RECORDS FOR THE EXERCISE:
****************

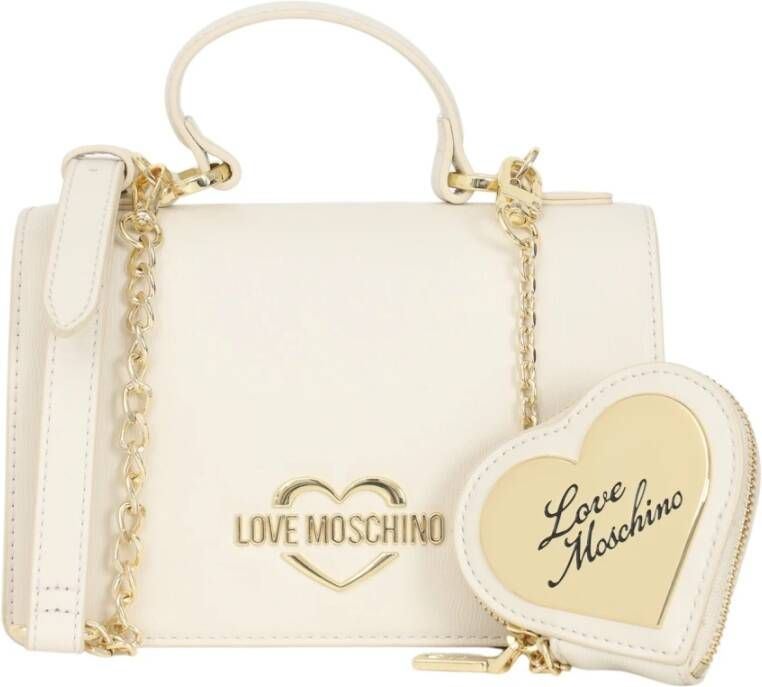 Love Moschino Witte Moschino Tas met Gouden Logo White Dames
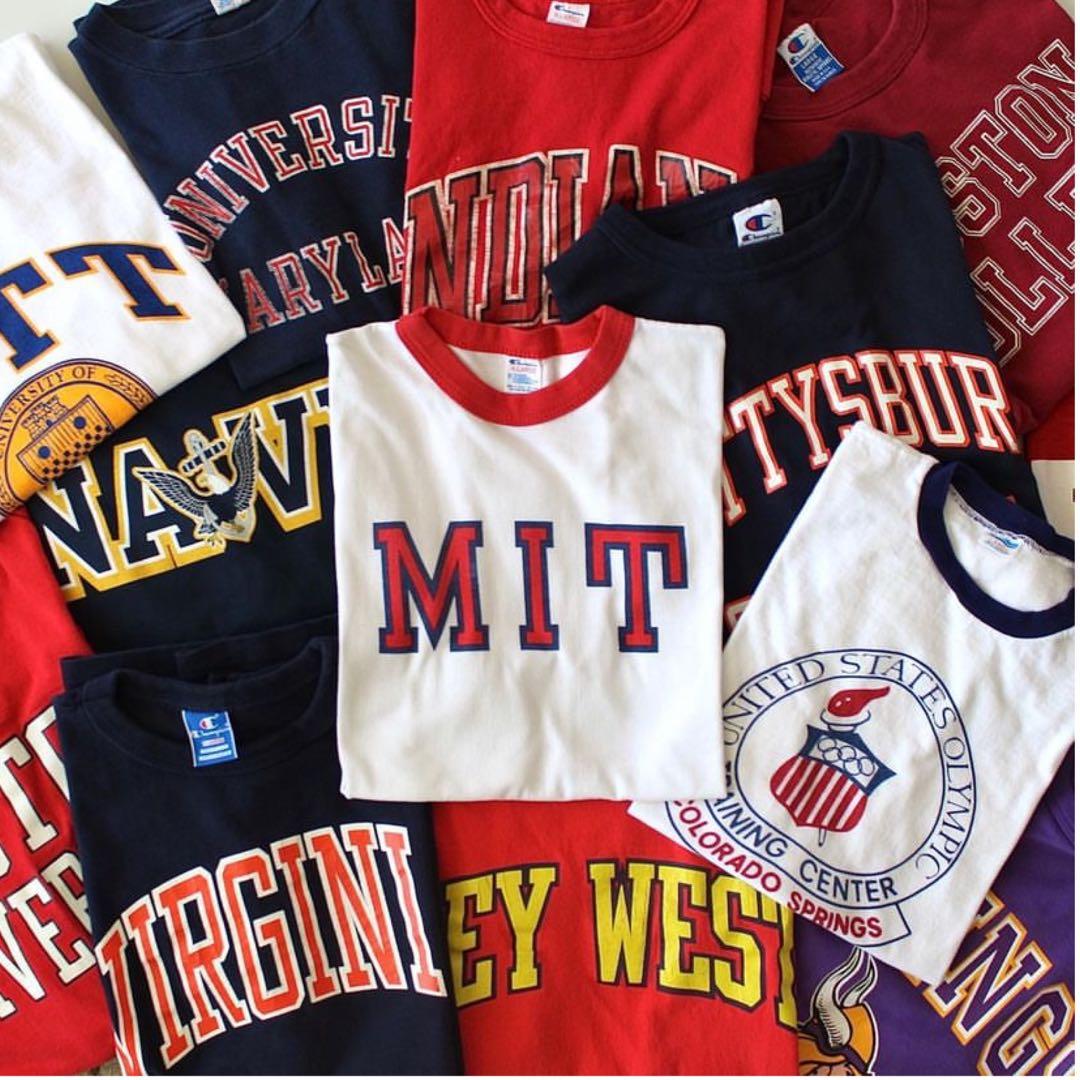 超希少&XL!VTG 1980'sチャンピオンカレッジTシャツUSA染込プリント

****************

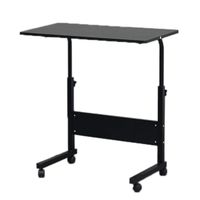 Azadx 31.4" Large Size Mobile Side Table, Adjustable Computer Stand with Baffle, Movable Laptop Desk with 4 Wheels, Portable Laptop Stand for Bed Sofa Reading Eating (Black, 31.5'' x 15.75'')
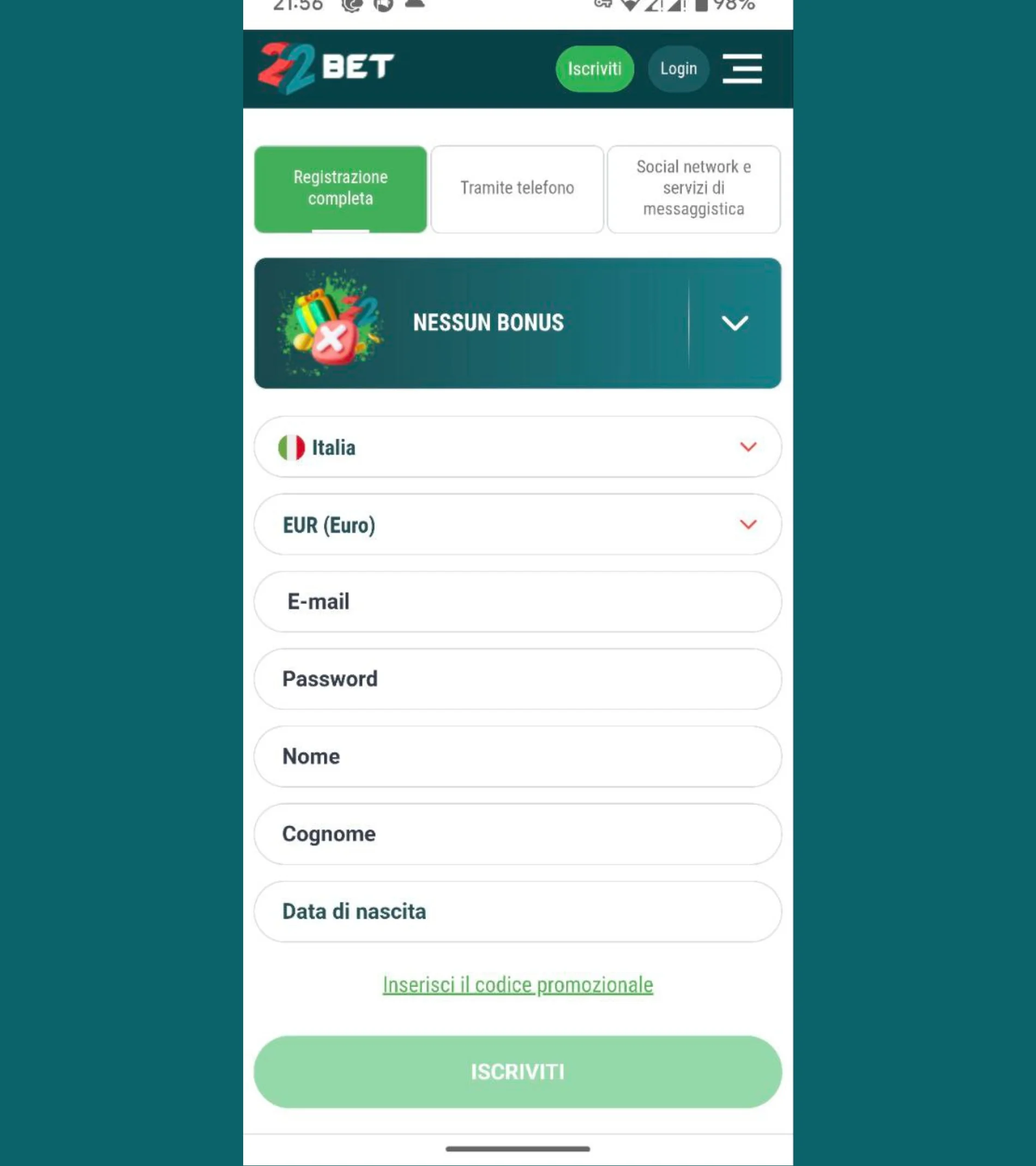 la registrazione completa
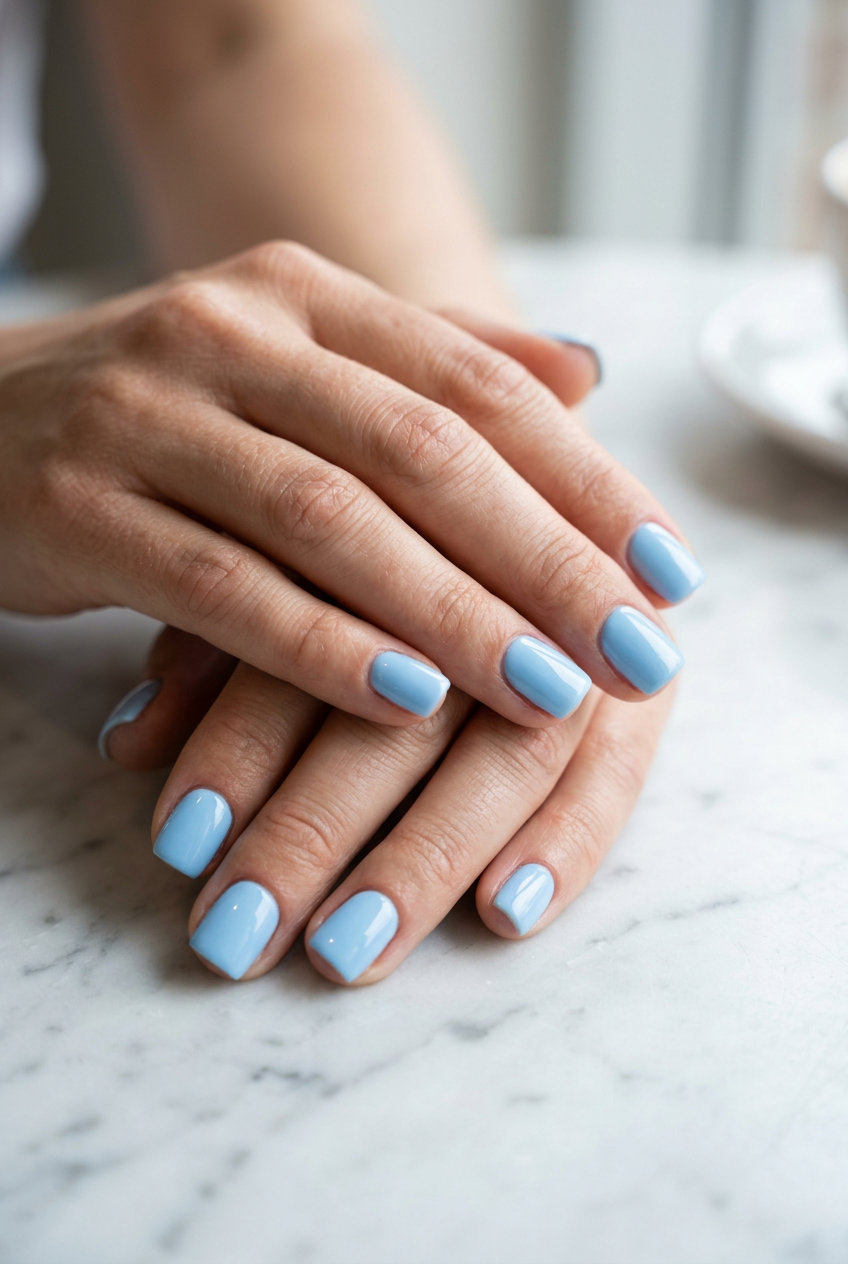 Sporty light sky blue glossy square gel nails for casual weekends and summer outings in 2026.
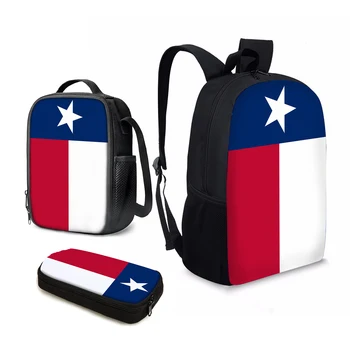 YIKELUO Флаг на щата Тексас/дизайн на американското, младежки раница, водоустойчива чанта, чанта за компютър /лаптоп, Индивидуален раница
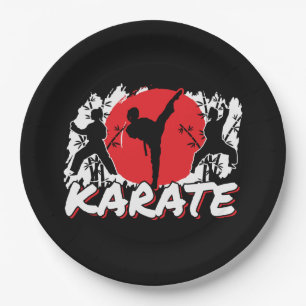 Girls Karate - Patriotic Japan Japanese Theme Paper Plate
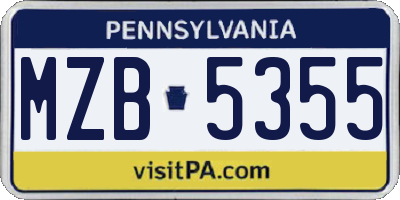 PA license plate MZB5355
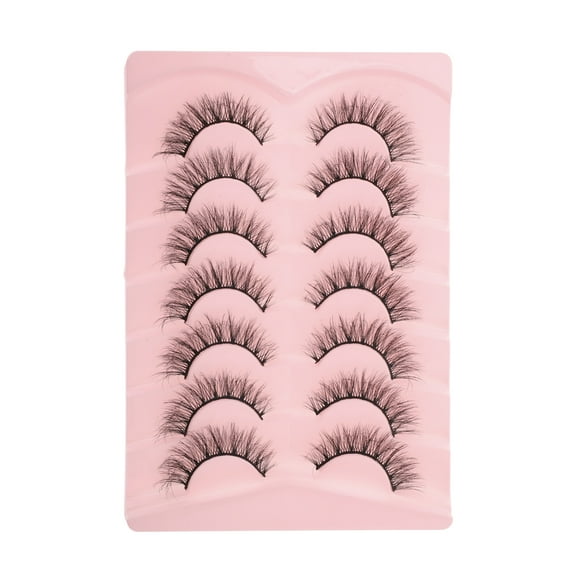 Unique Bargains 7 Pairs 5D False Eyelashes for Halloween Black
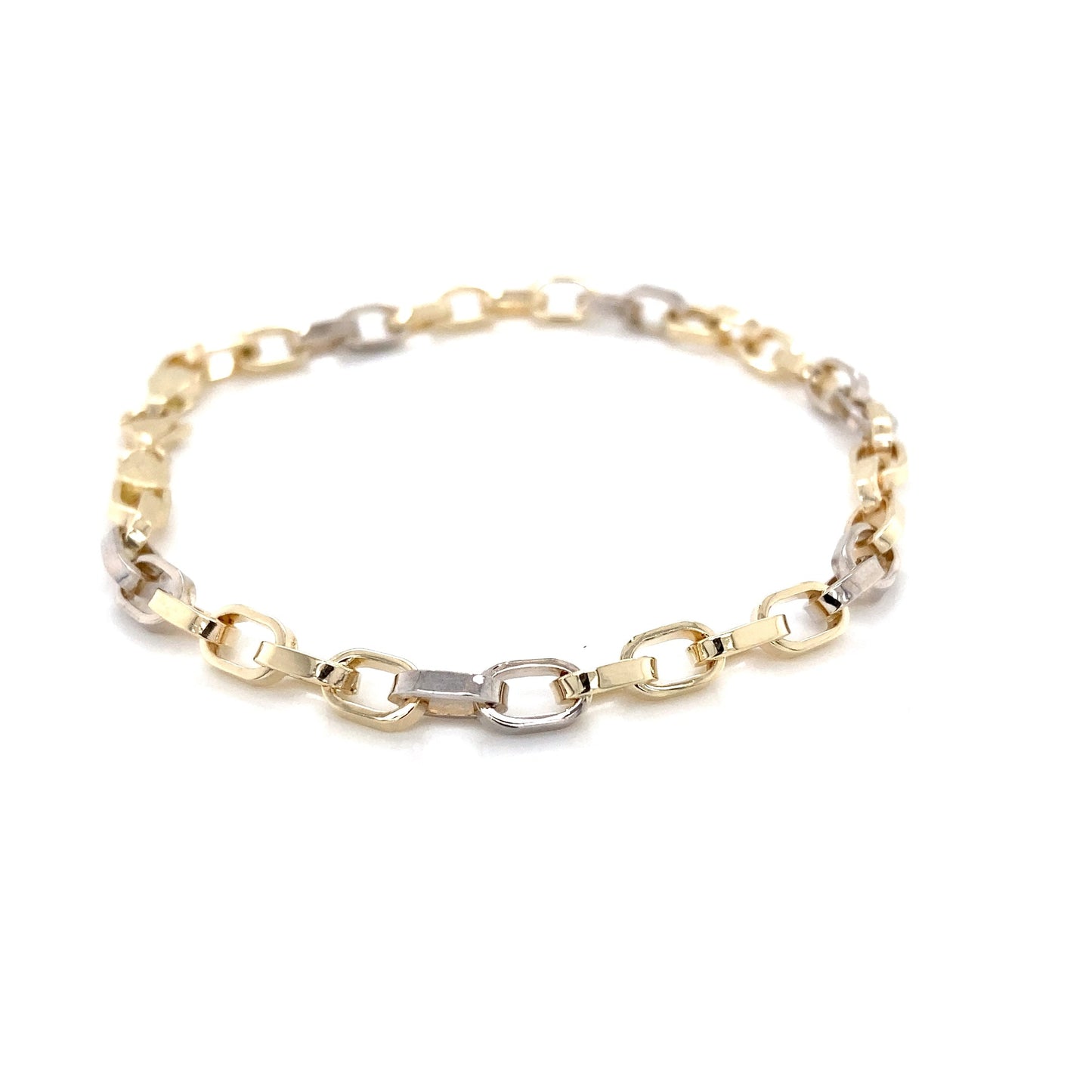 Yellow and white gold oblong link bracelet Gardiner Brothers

****************

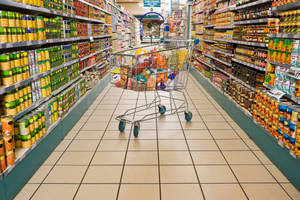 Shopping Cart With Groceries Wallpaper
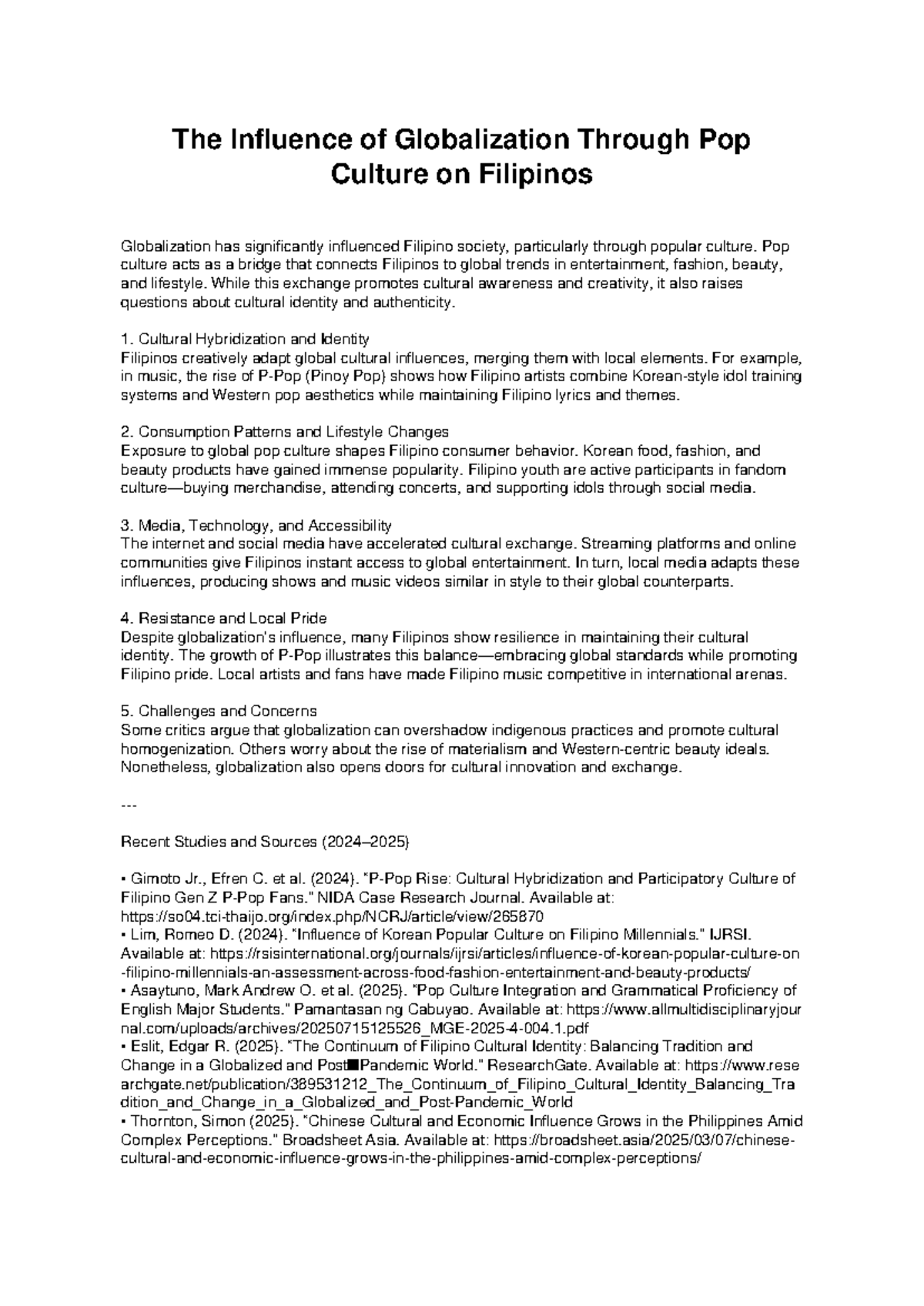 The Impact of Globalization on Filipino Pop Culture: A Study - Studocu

****************

ASSIGNMENT:
Of the lines above, quote exactly those from the one with "Love Moschino Witte" through the one with "超希少&XL!VTG 198", ends included; pictures stay out.

PROBLEM SOLUTION:
 Love Moschino Witte Moschino Tas met Gouden Logo White Dames
 超希少&XL!VTG 1980'sチャンピオンカレッジTシャツUSA染込プリント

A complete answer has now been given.